● SUPPLIED DATA:
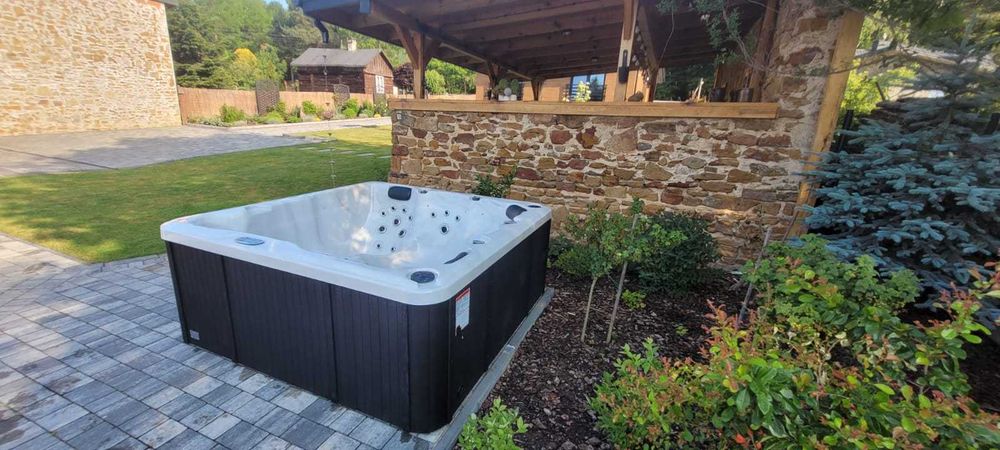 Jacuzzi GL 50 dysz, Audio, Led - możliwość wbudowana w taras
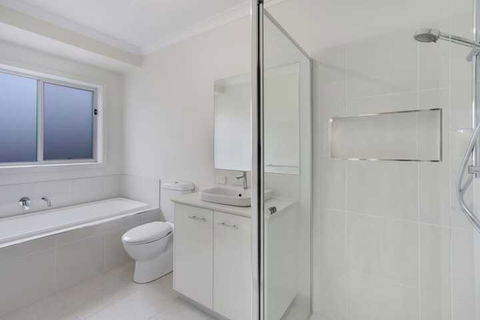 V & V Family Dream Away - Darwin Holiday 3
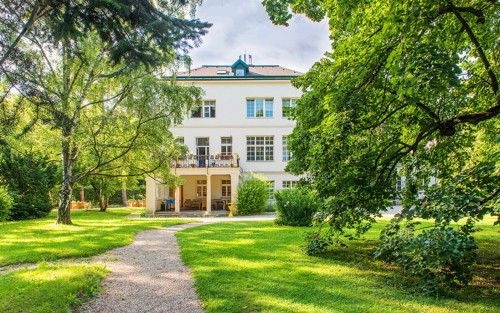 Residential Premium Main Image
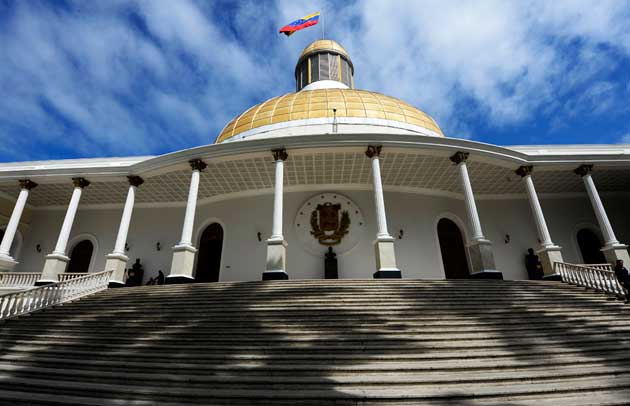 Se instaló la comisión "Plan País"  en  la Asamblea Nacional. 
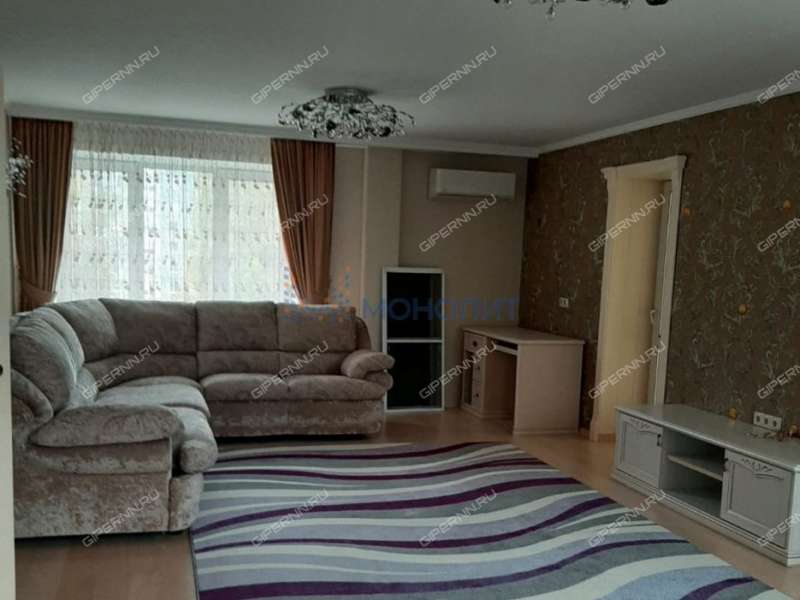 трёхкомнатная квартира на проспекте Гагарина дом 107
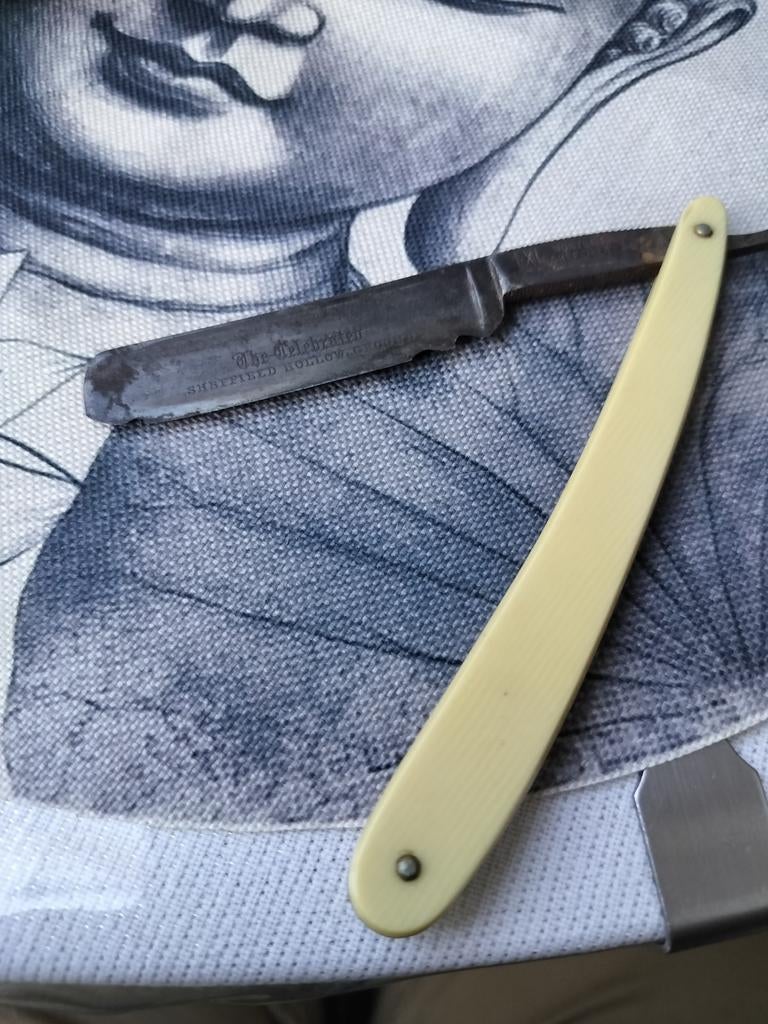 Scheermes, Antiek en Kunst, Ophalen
...
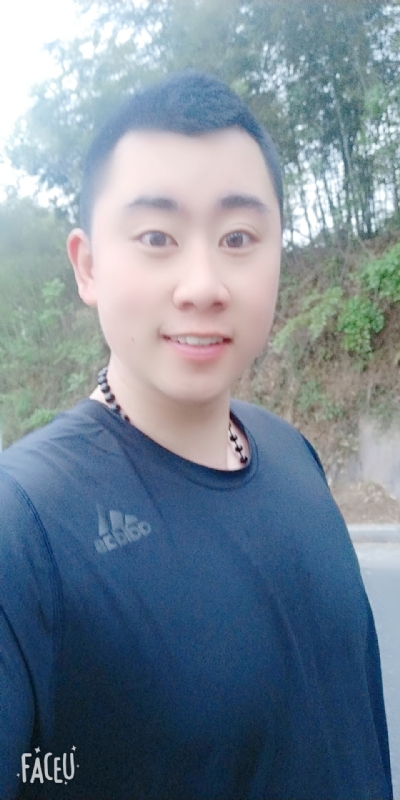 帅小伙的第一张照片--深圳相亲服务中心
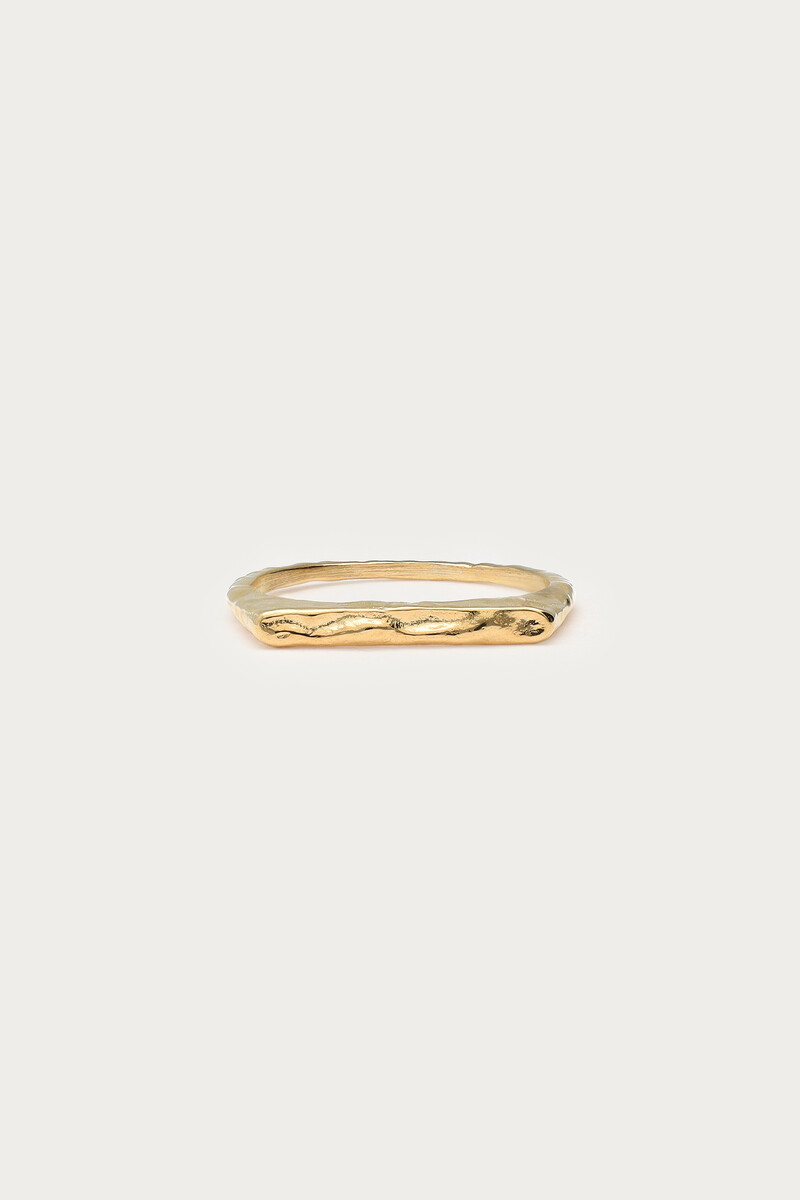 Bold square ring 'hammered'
* * *
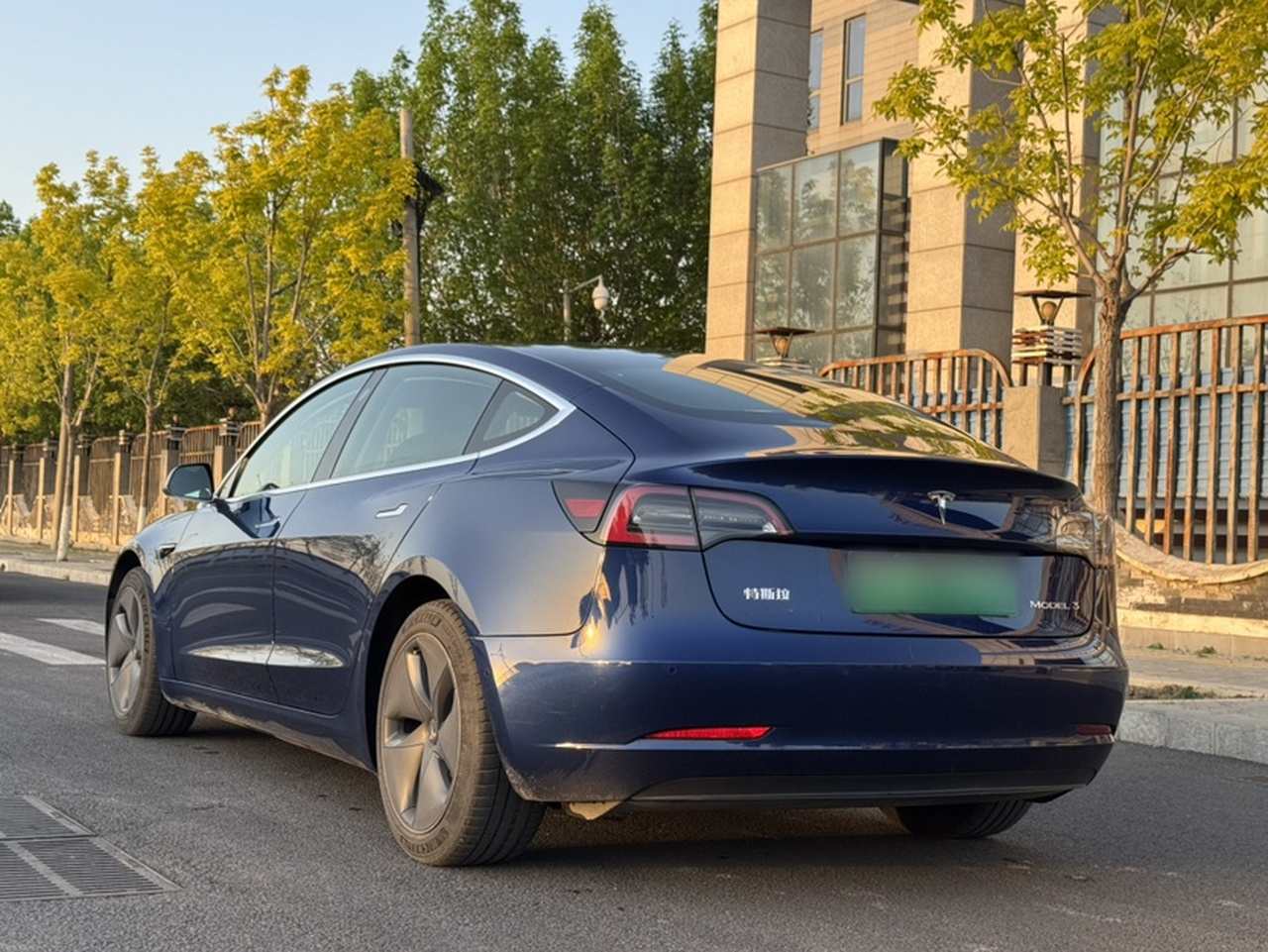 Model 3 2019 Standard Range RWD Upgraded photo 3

● DIRECTIONS FOR THIS TASK:
Your reply should hold nothing but the lines above, from the one containing "трёхкомнатная квартира на" to the one containing "Scheermes, Antiek en Kunst, Ophalen", reproduced exactly minus the pictures.

● COMPLETED TASK:
 трёхкомнатная квартира на проспекте Гагарина дом 107
 Scheermes, Antiek en Kunst, Ophalen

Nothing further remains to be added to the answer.